> What you need to do: Under this line is some data; print exactly the lines from the one containing "2x Coude PVC" through its last line, without pictures.

> Data records:
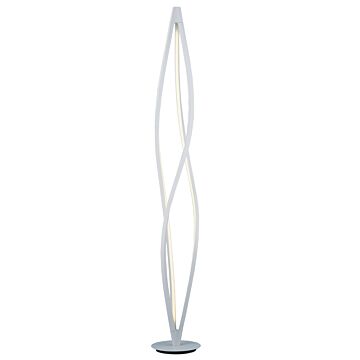 Cyclone LED LED Floor Lamp in Matte White by ET2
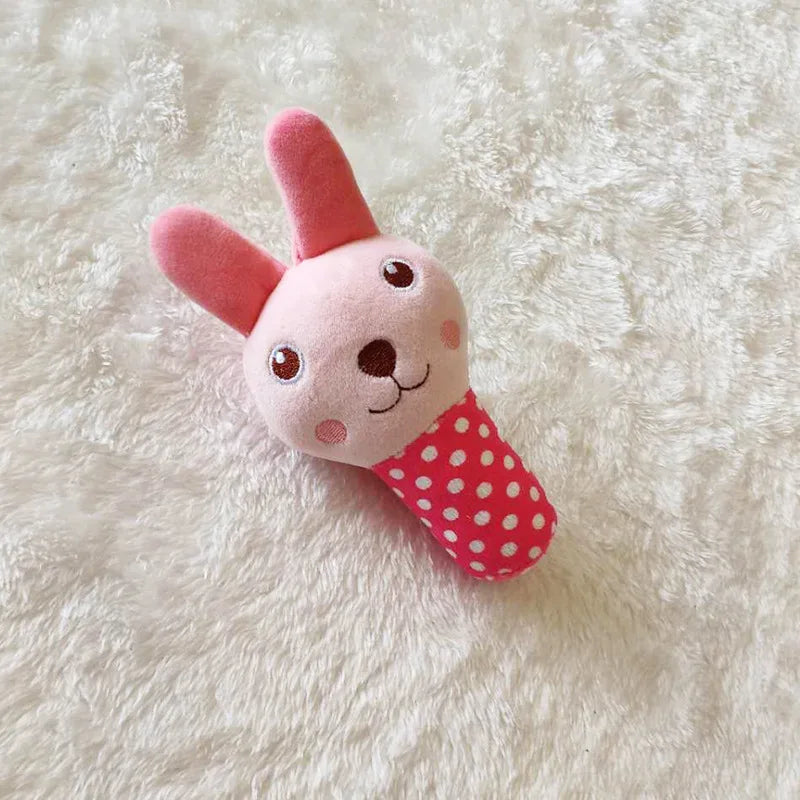 Squeaky Plush Dog Toy – French Bulldog Chew Drumstick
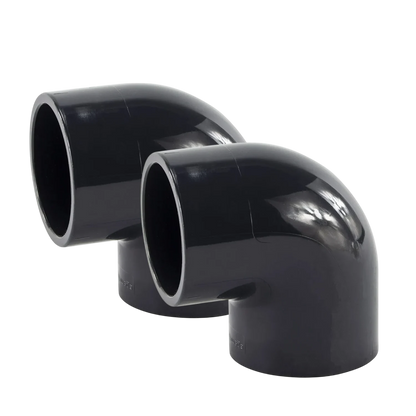 2x Coude PVC 90° 50 mm – tube pression 10 bar (2 pièces)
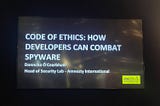 Code of ethics: how developers can combat spyware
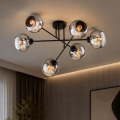 BRILAGI - Lustre de teto montado à superfície DIOR 6xE27/60W/230V preto/cinzento fumê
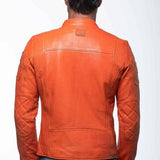 LE MANS Giubbotto uomo Duff4 Orange pelle montone 2XL 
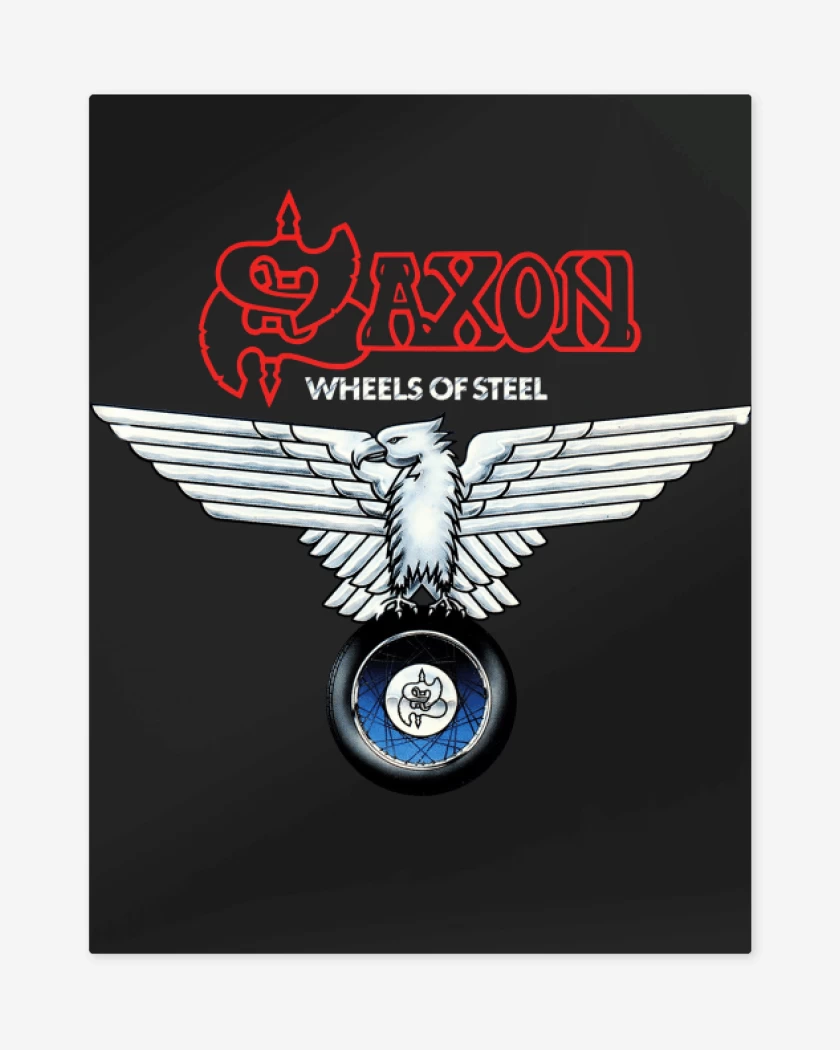 Print metalico Negro de Saxon Wheels of Steel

> Solution:
 2x Coude PVC 90° 50 mm – tube pression 10 bar (2 pièces)
 Code of ethics: how developers can combat spyware
 BRILAGI - Lustre de teto montado à superfície DIOR 6xE27/60W/230V preto/cinzento fumê
 LE MANS Giubbotto uomo Duff4 Orange pelle montone 2XL 
 Print metalico Negro de Saxon Wheels of Steel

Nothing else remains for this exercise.